• [Brief] Give back all the records exactly, keeping every line whole.

Caption-style text data:
※

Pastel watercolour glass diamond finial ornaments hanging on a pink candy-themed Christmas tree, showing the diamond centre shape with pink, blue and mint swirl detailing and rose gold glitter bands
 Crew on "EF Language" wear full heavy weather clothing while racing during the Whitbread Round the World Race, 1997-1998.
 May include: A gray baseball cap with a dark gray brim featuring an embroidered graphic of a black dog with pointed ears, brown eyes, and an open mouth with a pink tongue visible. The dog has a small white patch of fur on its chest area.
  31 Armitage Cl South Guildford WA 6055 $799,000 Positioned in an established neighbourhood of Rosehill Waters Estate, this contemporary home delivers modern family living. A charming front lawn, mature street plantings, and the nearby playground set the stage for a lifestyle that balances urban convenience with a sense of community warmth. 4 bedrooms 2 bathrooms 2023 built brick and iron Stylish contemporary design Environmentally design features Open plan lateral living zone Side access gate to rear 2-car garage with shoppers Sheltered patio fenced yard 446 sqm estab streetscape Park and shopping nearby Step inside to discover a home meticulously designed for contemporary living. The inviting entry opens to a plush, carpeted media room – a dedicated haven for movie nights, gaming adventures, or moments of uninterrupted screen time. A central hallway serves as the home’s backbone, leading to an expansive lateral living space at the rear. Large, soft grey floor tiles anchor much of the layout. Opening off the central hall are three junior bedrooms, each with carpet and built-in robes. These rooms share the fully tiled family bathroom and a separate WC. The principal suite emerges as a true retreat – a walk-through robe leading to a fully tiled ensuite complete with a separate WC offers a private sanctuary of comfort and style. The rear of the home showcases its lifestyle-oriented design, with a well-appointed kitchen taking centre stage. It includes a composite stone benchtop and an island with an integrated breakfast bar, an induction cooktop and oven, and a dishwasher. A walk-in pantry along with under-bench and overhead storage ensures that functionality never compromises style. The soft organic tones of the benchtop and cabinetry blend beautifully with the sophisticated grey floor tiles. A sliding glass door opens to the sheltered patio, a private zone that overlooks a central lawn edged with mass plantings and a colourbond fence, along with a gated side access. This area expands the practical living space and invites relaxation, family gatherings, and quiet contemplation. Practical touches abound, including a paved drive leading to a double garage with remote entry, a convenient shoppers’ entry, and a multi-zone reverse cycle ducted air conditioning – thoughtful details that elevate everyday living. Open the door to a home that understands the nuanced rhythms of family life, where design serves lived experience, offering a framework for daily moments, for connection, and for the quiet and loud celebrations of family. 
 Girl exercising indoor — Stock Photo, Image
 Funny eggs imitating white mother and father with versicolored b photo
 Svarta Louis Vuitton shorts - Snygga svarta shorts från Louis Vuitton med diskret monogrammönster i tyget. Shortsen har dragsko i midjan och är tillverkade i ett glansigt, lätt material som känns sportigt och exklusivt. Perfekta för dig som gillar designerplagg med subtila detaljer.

※

• [Your response]
Pastel watercolour glass diamond finial ornaments hanging on a pink candy-themed Christmas tree, showing the diamond centre shape with pink, blue and mint swirl detailing and rose gold glitter bands
 Crew on "EF Language" wear full heavy weather clothing while racing during the Whitbread Round the World Race, 1997-1998.
 May include: A gray baseball cap with a dark gray brim featuring an embroidered graphic of a black dog with pointed ears, brown eyes, and an open mouth with a pink tongue visible. The dog has a small white patch of fur on its chest area.
  31 Armitage Cl South Guildford WA 6055 $799,000 Positioned in an established neighbourhood of Rosehill Waters Estate, this contemporary home delivers modern family living. A charming front lawn, mature street plantings, and the nearby playground set the stage for a lifestyle that balances urban convenience with a sense of community warmth. 4 bedrooms 2 bathrooms 2023 built brick and iron Stylish contemporary design Environmentally design features Open plan lateral living zone Side access gate to rear 2-car garage with shoppers Sheltered patio fenced yard 446 sqm estab streetscape Park and shopping nearby Step inside to discover a home meticulously designed for contemporary living. The inviting entry opens to a plush, carpeted media room – a dedicated haven for movie nights, gaming adventures, or moments of uninterrupted screen time. A central hallway serves as the home’s backbone, leading to an expansive lateral living space at the rear. Large, soft grey floor tiles anchor much of the layout. Opening off the central hall are three junior bedrooms, each with carpet and built-in robes. These rooms share the fully tiled family bathroom and a separate WC. The principal suite emerges as a true retreat – a walk-through robe leading to a fully tiled ensuite complete with a separate WC offers a private sanctuary of comfort and style. The rear of the home showcases its lifestyle-oriented design, with a well-appointed kitchen taking centre stage. It includes a composite stone benchtop and an island with an integrated breakfast bar, an induction cooktop and oven, and a dishwasher. A walk-in pantry along with under-bench and overhead storage ensures that functionality never compromises style. The soft organic tones of the benchtop and cabinetry blend beautifully with the sophisticated grey floor tiles. A sliding glass door opens to the sheltered patio, a private zone that overlooks a central lawn edged with mass plantings and a colourbond fence, along with a gated side access. This area expands the practical living space and invites relaxation, family gatherings, and quiet contemplation. Practical touches abound, including a paved drive leading to a double garage with remote entry, a convenient shoppers’ entry, and a multi-zone reverse cycle ducted air conditioning – thoughtful details that elevate everyday living. Open the door to a home that understands the nuanced rhythms of family life, where design serves lived experience, offering a framework for daily moments, for connection, and for the quiet and loud celebrations of family. 
 Girl exercising indoor — Stock Photo, Image
 Funny eggs imitating white mother and father with versicolored b photo
 Svarta Louis Vuitton shorts - Snygga svarta shorts från Louis Vuitton med diskret monogrammönster i tyget. Shortsen har dragsko i midjan och är tillverkade i ett glansigt, lätt material som känns sportigt och exklusivt. Perfekta för dig som gillar designerplagg med subtila detaljer.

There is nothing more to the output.